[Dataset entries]
☆ ☆ ☆ ☆ ☆ ☆ ☆

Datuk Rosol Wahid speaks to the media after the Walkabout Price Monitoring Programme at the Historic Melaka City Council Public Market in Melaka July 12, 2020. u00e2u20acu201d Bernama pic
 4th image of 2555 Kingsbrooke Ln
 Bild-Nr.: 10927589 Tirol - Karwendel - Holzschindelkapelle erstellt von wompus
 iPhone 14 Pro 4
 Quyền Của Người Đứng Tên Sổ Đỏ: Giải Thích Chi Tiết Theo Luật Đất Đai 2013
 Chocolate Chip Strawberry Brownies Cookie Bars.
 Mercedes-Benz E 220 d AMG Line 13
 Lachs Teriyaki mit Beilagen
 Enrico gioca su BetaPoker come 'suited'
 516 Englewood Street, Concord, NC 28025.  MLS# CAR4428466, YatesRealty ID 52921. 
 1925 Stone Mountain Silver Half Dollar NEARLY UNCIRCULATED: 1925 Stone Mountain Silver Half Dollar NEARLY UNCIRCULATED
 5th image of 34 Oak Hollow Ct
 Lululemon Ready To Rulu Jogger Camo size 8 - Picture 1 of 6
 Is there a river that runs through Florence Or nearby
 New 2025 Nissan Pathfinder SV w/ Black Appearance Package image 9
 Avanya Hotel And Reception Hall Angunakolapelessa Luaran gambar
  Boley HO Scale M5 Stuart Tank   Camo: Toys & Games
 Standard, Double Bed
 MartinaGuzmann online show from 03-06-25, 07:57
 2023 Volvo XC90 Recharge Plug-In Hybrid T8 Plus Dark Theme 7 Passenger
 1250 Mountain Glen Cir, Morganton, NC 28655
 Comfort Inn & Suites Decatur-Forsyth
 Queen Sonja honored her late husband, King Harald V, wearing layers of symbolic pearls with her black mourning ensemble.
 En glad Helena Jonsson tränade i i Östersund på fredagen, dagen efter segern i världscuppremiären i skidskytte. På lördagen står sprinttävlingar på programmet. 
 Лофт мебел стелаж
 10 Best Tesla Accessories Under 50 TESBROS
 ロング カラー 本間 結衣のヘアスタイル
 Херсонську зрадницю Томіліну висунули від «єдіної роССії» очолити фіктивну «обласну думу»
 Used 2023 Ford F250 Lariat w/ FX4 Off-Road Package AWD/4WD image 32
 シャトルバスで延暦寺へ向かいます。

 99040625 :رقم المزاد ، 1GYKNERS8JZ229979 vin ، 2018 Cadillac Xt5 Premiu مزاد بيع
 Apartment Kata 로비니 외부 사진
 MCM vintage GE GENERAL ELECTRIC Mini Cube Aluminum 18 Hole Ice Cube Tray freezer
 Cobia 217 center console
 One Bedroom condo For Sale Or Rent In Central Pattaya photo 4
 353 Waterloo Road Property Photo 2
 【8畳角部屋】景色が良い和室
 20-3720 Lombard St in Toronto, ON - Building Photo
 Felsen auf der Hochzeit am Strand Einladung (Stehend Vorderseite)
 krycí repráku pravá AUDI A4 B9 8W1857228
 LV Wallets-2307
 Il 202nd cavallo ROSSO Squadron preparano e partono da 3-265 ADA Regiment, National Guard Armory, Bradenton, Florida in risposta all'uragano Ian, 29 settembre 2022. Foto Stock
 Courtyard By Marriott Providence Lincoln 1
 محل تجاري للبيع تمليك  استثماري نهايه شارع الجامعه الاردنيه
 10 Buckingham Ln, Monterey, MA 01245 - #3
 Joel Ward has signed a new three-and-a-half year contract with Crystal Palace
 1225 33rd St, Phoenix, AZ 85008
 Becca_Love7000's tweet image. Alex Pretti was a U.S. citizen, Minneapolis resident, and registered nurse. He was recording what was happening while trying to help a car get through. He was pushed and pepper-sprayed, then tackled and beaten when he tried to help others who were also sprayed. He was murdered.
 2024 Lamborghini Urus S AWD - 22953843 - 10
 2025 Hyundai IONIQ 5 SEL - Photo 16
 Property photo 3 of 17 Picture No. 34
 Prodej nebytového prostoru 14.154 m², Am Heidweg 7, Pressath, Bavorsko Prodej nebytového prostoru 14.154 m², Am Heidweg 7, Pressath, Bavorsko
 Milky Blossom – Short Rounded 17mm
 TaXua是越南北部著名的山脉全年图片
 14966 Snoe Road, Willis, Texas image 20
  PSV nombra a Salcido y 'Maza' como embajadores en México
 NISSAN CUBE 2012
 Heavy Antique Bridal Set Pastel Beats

☆ ☆ ☆ ☆ ☆ ☆ ☆

* What is needed *
Within the data above, the lines from the one with "Enrico gioca su BetaPoker come 'suited'" to the one with "Comfort Inn & Suites Decatur-Forsyth" must be repeated exactly; no other line belongs in the answer.

* Output of the task *
 Enrico gioca su BetaPoker come 'suited'
 516 Englewood Street, Concord, NC 28025.  MLS# CAR4428466, YatesRealty ID 52921. 
 1925 Stone Mountain Silver Half Dollar NEARLY UNCIRCULATED: 1925 Stone Mountain Silver Half Dollar NEARLY UNCIRCULATED
 5th image of 34 Oak Hollow Ct
 Lululemon Ready To Rulu Jogger Camo size 8 - Picture 1 of 6
 Is there a river that runs through Florence Or nearby
 New 2025 Nissan Pathfinder SV w/ Black Appearance Package image 9
 Avanya Hotel And Reception Hall Angunakolapelessa Luaran gambar
  Boley HO Scale M5 Stuart Tank   Camo: Toys & Games
 Standard, Double Bed
 MartinaGuzmann online show from 03-06-25, 07:57
 2023 Volvo XC90 Recharge Plug-In Hybrid T8 Plus Dark Theme 7 Passenger
 1250 Mountain Glen Cir, Morganton, NC 28655
 Comfort Inn & Suites Decatur-Forsyth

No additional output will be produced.